══ Given records ══

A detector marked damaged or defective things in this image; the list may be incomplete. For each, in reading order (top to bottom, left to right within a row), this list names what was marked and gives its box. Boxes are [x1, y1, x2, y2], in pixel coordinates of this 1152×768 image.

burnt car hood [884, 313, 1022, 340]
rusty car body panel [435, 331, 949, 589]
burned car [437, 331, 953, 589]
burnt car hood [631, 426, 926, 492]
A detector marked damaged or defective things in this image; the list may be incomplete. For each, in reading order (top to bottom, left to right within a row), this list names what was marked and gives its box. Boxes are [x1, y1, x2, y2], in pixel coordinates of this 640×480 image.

═══
══ Given records ══

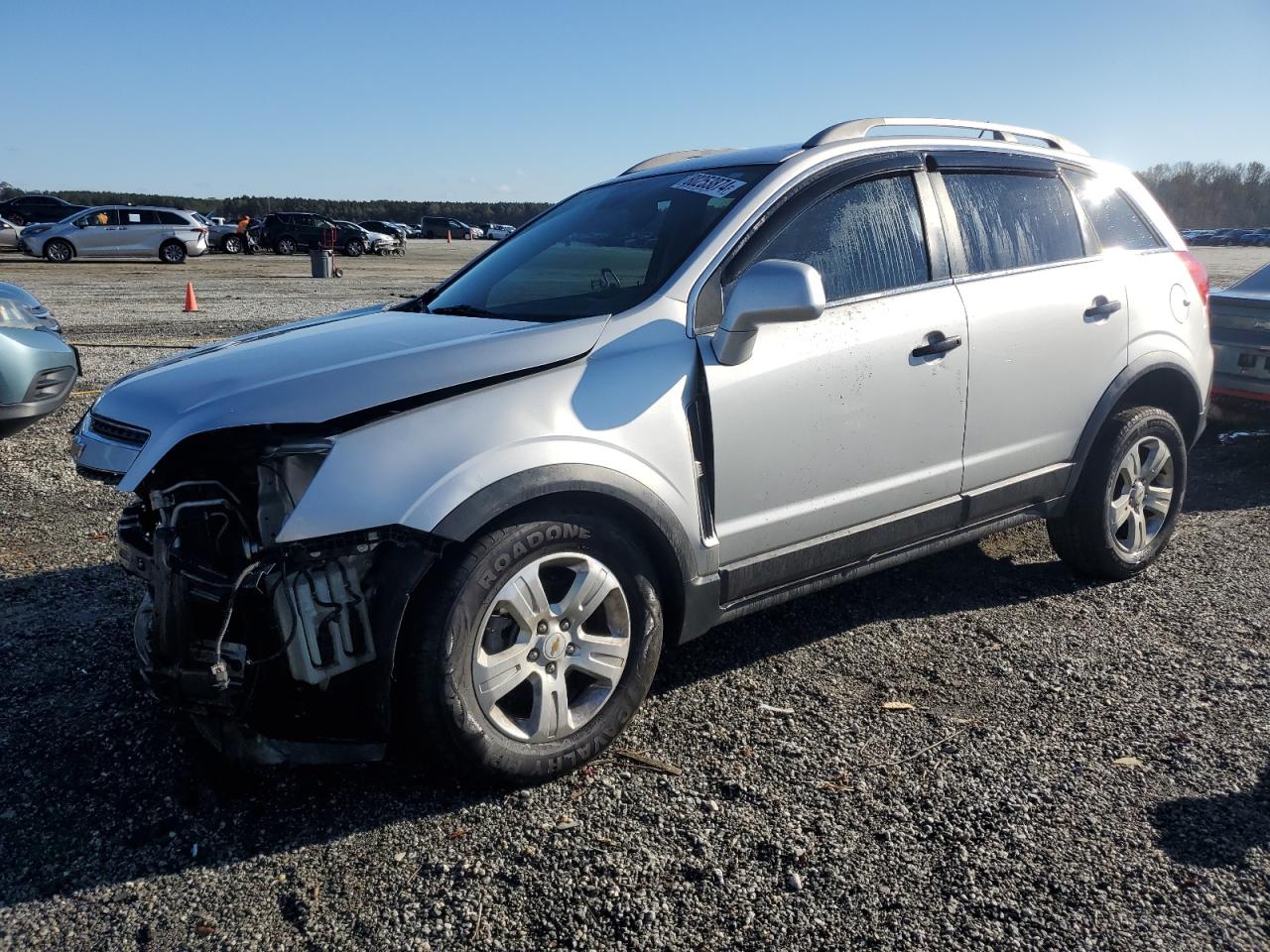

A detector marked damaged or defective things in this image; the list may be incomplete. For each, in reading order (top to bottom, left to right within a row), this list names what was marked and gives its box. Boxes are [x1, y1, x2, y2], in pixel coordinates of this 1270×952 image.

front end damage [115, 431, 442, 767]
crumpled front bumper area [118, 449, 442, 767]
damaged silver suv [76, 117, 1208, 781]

═══

Directions for this task
Send back exactly the lines of the listing above starting at the one with "this 1152×768 image." and ending at the one with "this 640×480 image.", inclusive, and no others.

Exercise answer
A detector marked damaged or defective things in this image; the list may be incomplete. For each, in reading order (top to bottom, left to right within a row), this list names what was marked and gives its box. Boxes are [x1, y1, x2, y2], in pixel coordinates of this 1152×768 image.

burnt car hood [884, 313, 1022, 340]
rusty car body panel [435, 331, 949, 589]
burned car [437, 331, 953, 589]
burnt car hood [631, 426, 926, 492]
A detector marked damaged or defective things in this image; the list may be incomplete. For each, in reading order (top to bottom, left to right within a row), this list names what was marked and gives its box. Boxes are [x1, y1, x2, y2], in pixel coordinates of this 640×480 image.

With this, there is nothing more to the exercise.